Summary: The path to meet Jesus may come as a surprise to some. Instead of being cloaked in robes of religion, Jesus is clothed in rags of need.
Matthew 25:31-46 “Turning the Tables”
Whether in high school or college most of us have had the joy of taking a “final.” We studied hard for the final, because a large percentage of our grade was determined by this one test. More than a few all-nighters have been pulled in preparation for a final. When we began to actually take the test we usually had one of two reactions. We either new immediately that we were going to ace the test, or we thought we had studied for the wrong test and were doomed to failure.

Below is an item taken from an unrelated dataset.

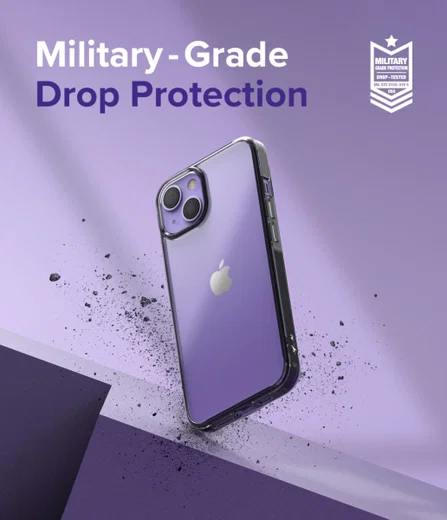 Ringke Fusion Apple iPhone 13 Hoesje Back Cover Transparant Zwart afbeelding 5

In this story of the judgment of the nations, Jesus pictures people taking the ultimate final. They are brought before the Lord and are separated into two groups. One group is pleasantly surprised that they have received and “A” for the course of life. The other group discovers that they have prepared for the wrong test. The experience of these two groups has much to teach us.
A STORY NOT A PROPHECY
Jesus tells this story to his disciples during the week before his execution. He is speaking only to them, and he uses the popular idea of the time of a Judgment Day to teach his disciples the lesson, or moral, that he wants them to learn. Matthew takes Jesus’ words and addresses them to the early Christians. It is important for us to understand that this is a story crafted to convey a lesson rather than a prophecy of things to come.
There is debate among Biblical scholars as to who the story is talking about. The word that the NRSV translates “nations,” in verse 32 is not the word that is usually used for nations. It literally can be translated, “gentiles.” At first glance it seems that the story is about all the nations of the world coming before the Lord at the Judgment day. A good case can be made that Jesus is talking about the early church and that Matthew intends it to be addressed to the early Christians.
All of the people who stand before the Son of Man refer to him as Lord. This is a Christian designation used in reference to Jesus and not a term that is used by the world at large.
The judgment is different, also, from other writings in the Bible. In the story, the Son of Man judges people according to have they have done. We understand that our judgment will not be based on what we have done but rather on what Jesus has done through his life, death and resurrection.
Both the righteous (in verse 39) and the unrighteous (in verse 44) ask Jesus when they saw him. Seeing is an important part of discipleship.
Sometimes we don’t see because we are so wrapped up in our lives—the worries of the day and our plans for the future. In 2007, Gene Weingarten wrote a story entitled, “Stop and Hear the Music.” He asked Joshua Bell, a celebrated concert violinist to play at a busy Washington DC Metro stop during rush hour. You can imagine what happened.
There are times when we don’t want to see. In early May, 2010, Hugo Alfredo Tale-Yax saw a woman being attacked by a man carrying a knife. He ran over to save her and ended up being stabbed. AS he was lying on the group dying, several people walked by him. No one stopped to help. One person actually stopped, took a picture of him with his cell phone, and walked on. Finally about one and a half hours after he had been stabbed, a man bent down to see if Hugo was okay. The man saw the bleeding and immediately called 911. But by that time, Hugo had died.